▶ GOAL OF THE EXERCISE: Starting at the line that has "Máy chà sàn liên hợp Clean Maid TT 50B" and stopping after the line that has "dayatma değil serbest", reproduce the listing below exactly; omit everything else.

▶ DATA UNDER STUDY:
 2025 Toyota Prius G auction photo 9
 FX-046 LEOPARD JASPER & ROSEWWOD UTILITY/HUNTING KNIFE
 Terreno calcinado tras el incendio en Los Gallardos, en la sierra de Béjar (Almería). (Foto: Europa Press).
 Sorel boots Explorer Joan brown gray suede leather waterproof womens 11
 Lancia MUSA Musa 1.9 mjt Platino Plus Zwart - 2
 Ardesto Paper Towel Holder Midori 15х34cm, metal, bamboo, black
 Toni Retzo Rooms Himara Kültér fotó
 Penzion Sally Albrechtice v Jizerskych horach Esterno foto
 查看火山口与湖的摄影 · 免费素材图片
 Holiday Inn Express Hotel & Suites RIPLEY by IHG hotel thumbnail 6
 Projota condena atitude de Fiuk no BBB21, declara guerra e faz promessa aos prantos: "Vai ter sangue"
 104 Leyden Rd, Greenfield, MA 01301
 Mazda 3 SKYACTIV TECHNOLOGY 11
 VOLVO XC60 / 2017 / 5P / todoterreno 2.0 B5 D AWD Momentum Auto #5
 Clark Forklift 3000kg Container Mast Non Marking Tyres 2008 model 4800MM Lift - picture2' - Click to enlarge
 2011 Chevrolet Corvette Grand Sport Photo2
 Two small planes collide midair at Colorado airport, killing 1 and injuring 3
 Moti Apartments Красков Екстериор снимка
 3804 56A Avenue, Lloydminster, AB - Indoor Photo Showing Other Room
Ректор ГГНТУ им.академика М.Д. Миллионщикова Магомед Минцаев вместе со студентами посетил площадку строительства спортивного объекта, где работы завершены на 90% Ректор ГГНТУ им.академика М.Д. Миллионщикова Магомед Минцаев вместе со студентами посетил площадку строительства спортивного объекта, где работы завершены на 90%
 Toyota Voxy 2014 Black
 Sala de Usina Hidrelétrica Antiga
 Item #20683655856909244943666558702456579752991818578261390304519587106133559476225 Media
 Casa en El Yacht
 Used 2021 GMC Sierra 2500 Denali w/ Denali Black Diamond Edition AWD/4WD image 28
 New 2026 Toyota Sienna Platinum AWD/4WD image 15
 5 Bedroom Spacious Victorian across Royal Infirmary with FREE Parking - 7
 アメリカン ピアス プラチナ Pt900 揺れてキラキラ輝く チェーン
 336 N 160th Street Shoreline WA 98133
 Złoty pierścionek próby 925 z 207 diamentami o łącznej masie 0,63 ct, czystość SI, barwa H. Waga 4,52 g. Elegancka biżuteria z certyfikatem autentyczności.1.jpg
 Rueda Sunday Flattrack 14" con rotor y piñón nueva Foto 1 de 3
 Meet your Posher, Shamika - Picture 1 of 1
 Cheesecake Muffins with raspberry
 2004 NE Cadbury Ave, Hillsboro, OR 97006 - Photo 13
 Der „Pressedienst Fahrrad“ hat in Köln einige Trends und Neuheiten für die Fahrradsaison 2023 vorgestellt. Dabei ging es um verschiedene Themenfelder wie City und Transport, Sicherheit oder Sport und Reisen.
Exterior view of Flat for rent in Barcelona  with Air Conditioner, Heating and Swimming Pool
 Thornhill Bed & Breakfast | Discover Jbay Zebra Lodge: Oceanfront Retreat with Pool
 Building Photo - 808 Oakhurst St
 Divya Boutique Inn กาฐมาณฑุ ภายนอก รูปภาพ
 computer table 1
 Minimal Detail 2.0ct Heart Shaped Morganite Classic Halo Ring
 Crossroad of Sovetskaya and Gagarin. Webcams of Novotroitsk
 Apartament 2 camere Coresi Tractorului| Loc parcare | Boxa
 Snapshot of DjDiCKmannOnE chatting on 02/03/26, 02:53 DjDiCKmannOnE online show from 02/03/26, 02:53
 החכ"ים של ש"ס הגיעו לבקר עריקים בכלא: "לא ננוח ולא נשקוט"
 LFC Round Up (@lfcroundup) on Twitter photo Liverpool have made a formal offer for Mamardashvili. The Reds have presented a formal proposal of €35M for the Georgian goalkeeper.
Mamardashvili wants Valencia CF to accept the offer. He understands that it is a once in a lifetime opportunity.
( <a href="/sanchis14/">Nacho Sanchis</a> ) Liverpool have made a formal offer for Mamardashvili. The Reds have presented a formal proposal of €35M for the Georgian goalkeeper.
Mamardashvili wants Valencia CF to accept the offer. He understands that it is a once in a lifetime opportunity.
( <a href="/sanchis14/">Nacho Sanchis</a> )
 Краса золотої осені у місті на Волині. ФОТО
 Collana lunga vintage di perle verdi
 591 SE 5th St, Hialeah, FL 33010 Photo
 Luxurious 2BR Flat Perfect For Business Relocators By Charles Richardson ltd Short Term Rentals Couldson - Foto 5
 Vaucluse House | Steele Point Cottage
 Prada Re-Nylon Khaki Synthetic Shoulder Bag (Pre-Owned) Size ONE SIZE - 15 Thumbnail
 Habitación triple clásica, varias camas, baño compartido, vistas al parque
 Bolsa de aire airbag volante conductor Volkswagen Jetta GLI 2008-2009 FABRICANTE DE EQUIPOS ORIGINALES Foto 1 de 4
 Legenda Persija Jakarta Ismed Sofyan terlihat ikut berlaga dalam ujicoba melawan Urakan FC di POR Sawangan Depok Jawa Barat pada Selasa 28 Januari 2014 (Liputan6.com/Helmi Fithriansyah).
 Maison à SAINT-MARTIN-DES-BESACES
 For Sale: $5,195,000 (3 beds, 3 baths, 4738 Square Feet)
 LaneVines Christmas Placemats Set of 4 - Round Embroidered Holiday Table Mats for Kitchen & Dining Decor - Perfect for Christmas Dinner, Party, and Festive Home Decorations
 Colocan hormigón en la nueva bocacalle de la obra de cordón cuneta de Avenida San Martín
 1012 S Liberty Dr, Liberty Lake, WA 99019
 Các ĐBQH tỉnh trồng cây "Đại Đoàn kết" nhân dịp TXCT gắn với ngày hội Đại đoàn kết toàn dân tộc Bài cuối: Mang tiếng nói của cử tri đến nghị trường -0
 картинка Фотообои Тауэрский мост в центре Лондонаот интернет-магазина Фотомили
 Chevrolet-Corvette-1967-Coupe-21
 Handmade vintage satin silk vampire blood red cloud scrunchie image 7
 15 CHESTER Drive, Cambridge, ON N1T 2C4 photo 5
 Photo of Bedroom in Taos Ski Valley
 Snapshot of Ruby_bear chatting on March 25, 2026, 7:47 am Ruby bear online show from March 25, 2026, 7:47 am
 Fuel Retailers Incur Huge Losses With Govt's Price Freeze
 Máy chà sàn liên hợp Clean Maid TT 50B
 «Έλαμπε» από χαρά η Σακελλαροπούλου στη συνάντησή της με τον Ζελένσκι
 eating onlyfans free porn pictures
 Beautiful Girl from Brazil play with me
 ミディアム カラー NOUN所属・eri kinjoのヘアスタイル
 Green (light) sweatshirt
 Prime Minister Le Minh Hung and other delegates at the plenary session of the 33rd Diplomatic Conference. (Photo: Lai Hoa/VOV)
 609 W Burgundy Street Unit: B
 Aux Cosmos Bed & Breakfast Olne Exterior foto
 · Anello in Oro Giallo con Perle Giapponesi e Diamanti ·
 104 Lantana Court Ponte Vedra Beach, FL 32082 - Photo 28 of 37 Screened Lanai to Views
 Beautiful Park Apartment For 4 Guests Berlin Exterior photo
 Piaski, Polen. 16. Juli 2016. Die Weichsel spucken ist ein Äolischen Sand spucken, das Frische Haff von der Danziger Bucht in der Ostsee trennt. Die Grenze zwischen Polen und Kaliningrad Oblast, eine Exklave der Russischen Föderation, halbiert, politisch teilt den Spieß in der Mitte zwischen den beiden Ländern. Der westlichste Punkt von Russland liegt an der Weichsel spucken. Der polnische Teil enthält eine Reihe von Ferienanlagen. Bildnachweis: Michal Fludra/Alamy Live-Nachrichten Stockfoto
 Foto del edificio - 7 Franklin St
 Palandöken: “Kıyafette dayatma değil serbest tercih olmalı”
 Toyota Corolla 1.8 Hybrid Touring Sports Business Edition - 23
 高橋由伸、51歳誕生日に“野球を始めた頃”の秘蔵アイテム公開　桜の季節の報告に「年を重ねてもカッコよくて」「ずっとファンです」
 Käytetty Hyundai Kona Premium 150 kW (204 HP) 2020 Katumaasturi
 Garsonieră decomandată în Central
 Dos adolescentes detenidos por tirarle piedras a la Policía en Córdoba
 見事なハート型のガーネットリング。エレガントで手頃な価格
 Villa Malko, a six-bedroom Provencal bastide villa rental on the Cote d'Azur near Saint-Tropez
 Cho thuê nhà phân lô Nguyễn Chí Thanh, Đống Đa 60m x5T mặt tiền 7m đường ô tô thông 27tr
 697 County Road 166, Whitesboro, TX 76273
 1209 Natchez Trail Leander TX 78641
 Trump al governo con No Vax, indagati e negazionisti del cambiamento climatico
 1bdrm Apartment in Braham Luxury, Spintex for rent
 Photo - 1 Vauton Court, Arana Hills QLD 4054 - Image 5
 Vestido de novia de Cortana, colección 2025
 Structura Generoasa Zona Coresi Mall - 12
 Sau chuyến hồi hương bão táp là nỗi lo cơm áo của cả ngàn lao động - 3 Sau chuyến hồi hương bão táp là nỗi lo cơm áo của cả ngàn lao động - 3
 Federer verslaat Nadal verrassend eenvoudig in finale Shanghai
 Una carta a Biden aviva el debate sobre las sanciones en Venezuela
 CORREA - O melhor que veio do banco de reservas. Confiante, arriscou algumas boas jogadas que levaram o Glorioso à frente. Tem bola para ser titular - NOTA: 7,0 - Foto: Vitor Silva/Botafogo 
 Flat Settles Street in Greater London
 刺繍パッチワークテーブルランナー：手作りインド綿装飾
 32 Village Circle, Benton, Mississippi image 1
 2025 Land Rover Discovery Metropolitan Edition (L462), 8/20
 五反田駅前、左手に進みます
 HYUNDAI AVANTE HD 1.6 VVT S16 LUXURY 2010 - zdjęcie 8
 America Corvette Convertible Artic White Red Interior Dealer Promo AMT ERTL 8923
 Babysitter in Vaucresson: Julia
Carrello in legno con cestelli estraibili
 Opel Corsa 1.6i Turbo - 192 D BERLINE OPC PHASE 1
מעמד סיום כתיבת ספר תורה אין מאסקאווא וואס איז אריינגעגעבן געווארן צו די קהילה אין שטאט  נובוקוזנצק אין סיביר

▶ EXERCISE ANSWER:
 Máy chà sàn liên hợp Clean Maid TT 50B
 «Έλαμπε» από χαρά η Σακελλαροπούλου στη συνάντησή της με τον Ζελένσκι
 eating onlyfans free porn pictures
 Beautiful Girl from Brazil play with me
 ミディアム カラー NOUN所属・eri kinjoのヘアスタイル
 Green (light) sweatshirt
 Prime Minister Le Minh Hung and other delegates at the plenary session of the 33rd Diplomatic Conference. (Photo: Lai Hoa/VOV)
 609 W Burgundy Street Unit: B
 Aux Cosmos Bed & Breakfast Olne Exterior foto
 · Anello in Oro Giallo con Perle Giapponesi e Diamanti ·
 104 Lantana Court Ponte Vedra Beach, FL 32082 - Photo 28 of 37 Screened Lanai to Views
 Beautiful Park Apartment For 4 Guests Berlin Exterior photo
 Piaski, Polen. 16. Juli 2016. Die Weichsel spucken ist ein Äolischen Sand spucken, das Frische Haff von der Danziger Bucht in der Ostsee trennt. Die Grenze zwischen Polen und Kaliningrad Oblast, eine Exklave der Russischen Föderation, halbiert, politisch teilt den Spieß in der Mitte zwischen den beiden Ländern. Der westlichste Punkt von Russland liegt an der Weichsel spucken. Der polnische Teil enthält eine Reihe von Ferienanlagen. Bildnachweis: Michal Fludra/Alamy Live-Nachrichten Stockfoto
 Foto del edificio - 7 Franklin St
 Palandöken: “Kıyafette dayatma değil serbest tercih olmalı”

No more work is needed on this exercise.